Quick Study: German Sadulaev’s fiction combines settings and themes from corporate Russia and from Chechnya, where he was born.
The Sadulaev File: German Sadulaev left Chechnya in 1989, before the Chechen War, to study law in Leningrad. His I Am a Chechen! and The Raid on Shali reflect on life in Chechnya, and The Tablet features an “office plankton” character named Maximus who fancies himself a Khazar in his dreams. The Raid on Shali and The Tablet were both nominated for numerous awards: they were shortlisted for the Russian Booker in, respectively, 2010 and 2008. Sadulaev’s The Leap of the Wolf, published in 2012, is a collection of essays on the political history of Chechnya.
Psssst………: Sadulaev says he’s not a specialist on Chechnya, that he simply lived there for 16 years. He has also said that creative work results in confusion about which stories are real and from his own life, and which he invented for his fiction.
Sadulaev’s Places: Born in the village of Shali, in the Chechen-Ingush Autonomous Republic. Lives in St. Petersburg, where he went to law school. Sadulaev has referred to his time in Chechnya as exile, saying he lived in Petersburg while in utero and considers it his native city.
The Word on Sadulaev: Kapka Kassabova’s review of I Am a Chechen! for The Guardian concludes with, “In terms of narrative and style this ‘diary of a madman’ is a mess, but it’s a compelling mess. Sadulaev’s voice is a volatile blend of love and hate, shame and pride, self-loathing and megalomania, fatalism and rage, the aftermath of death and the premonition of death.

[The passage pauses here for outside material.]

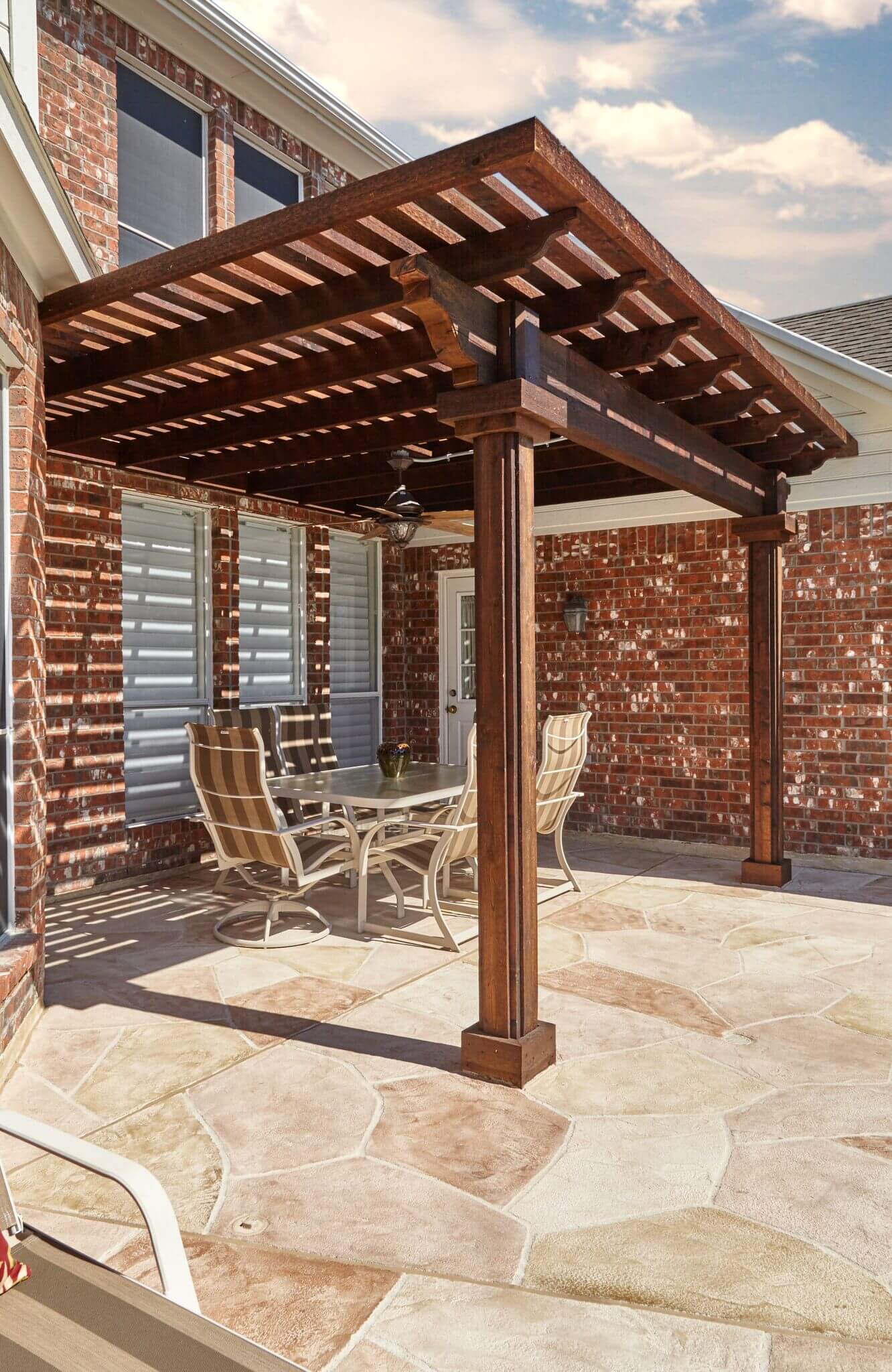 Phoenix Pavers Archives - Allied Outdoor Solutions ... Allied Outdoor Solutions 7 - Phoenix Pavers Archives - Allied Outdoor Solutions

It is a painful book to read and it was clearly a painful book to write, and therein lies its power.”
Sadulaev on Sadulaev: In 2011, when Sadulaev won an award from the journal Znamia, which first published his Raid on Shali, he said in his talk that he worked on the book for around three years, and that knowing the editors were waiting for the novel helped him finish. Sadulaev said he’s not truly a writer, not a bohemian person, not a creative type. “I worked for many years in offices and still do,” he said, “and I’m familiar with the concept of work-related discipline. If there’s a request and something has to be done, that means I’ll do it, even if I don’t want to.”
On Writing: In the same Znamia talk, Sadulaev said he has a “realistic opinion of my literary abilities. They’re moderate, as graciously defined by [critic] Viktor Toporov. Other critics lament, wondering why I wasn’t able to write something like War and Peace or Hadji Murat about such an important topic. And really, why not? The answer is simple: because I’m not Lev Tolstoy… I did what I could: a moderate talent begot a text of moderate artistic and historical significance.”
Sadulaev Recommends: When asked, during a 2010 interview with Russian Newspaper, about literature with themes related to Chechnya, Sadulaev expressed his deep respect for Vladimir Makanin’s Asan and mentioned reading Arkady Babchenko’s Alkhan-Yurt.